Currently this isn't exposed in a way that a debugger can see other than manually typing out gdb commands

 p/x *(uint64_t*)($x28+184) = inline block header ptr
 p/x *(uint32_t*)(*(uint64_t*)($x28+184)) = OffsetToBlockTail
 p/x *(uint64_t*)($x28+184) + *(uint32_t*)(*(uint64_t*)($x28+184))
 p/x *(unsigned long long*)((*(unsigned long long*)($x28+184) + *(unsigned int*)(*(unsigned long long*)($x28+184)))+8) = RIP of block
 disas *(unsigned long long*)($x28+184),+*(unsigned long long*)(*(unsigned long long*)($x28+184) + *(unsigned int*)(*(unsigned long long*)($x28+184))) = Disassemble this block of code.

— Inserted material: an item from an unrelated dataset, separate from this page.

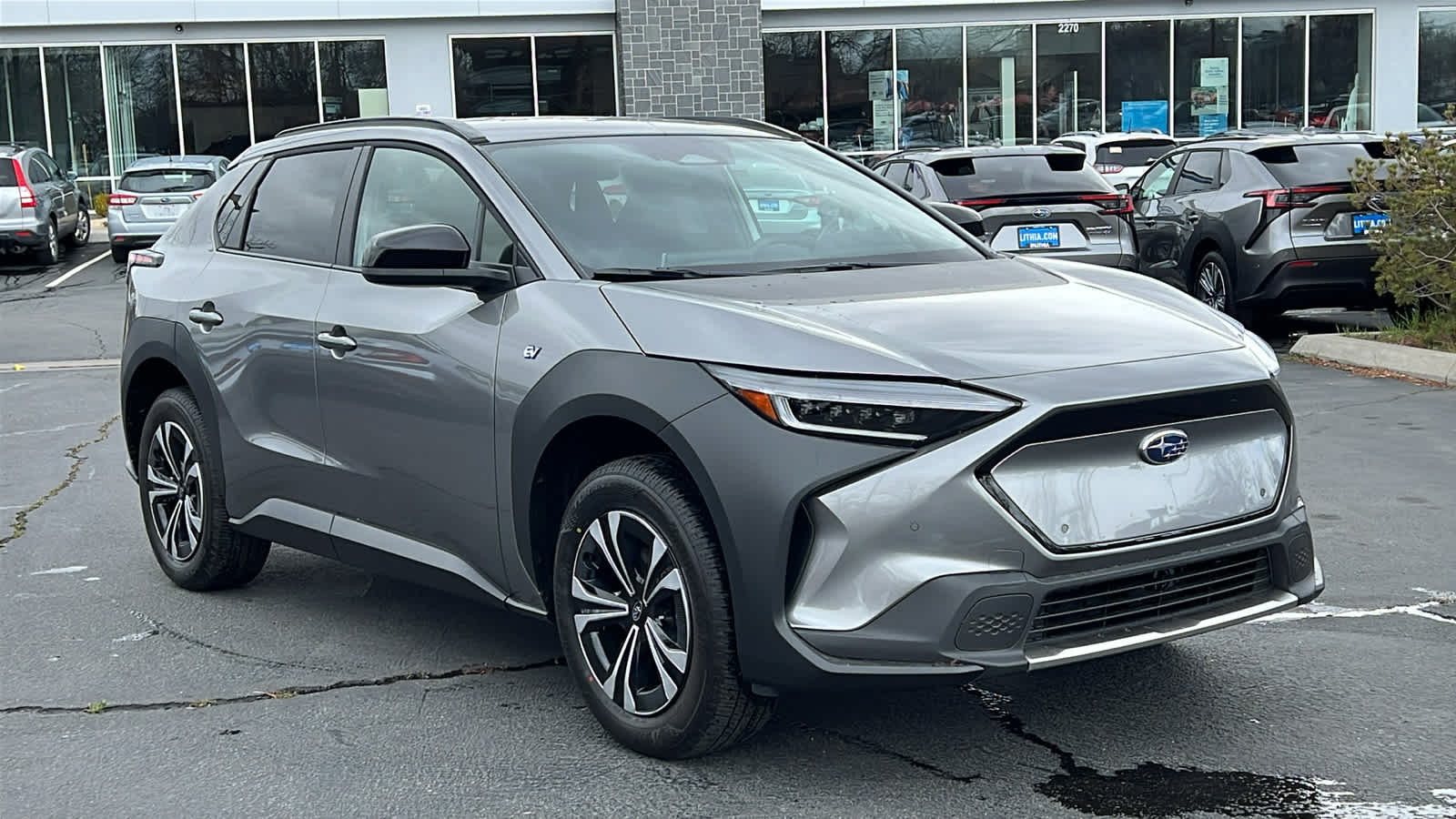 2025 Subaru Solterra Premium photo 3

While hard to decipher here is basically what is happening. - x28 is the CPU register that FEX keeps in the JIT for context accesses - offset 184 is the offset of the `InlineJITBlockHeader` member inside of that context. - As long as FEX is in a JIT block that offset will be valid to point to the current RIP that the block is operating on.

Getting the stack can also be very useful

 x/64wx ((FEXCore::Core::CPUState*)$x28)->gregs[FEXCore::X86State::REG_RSP]

Doing raw pointer math here means that this works even when gdb fails to find symbols for the CPUState object, which happens very frequently for some reason.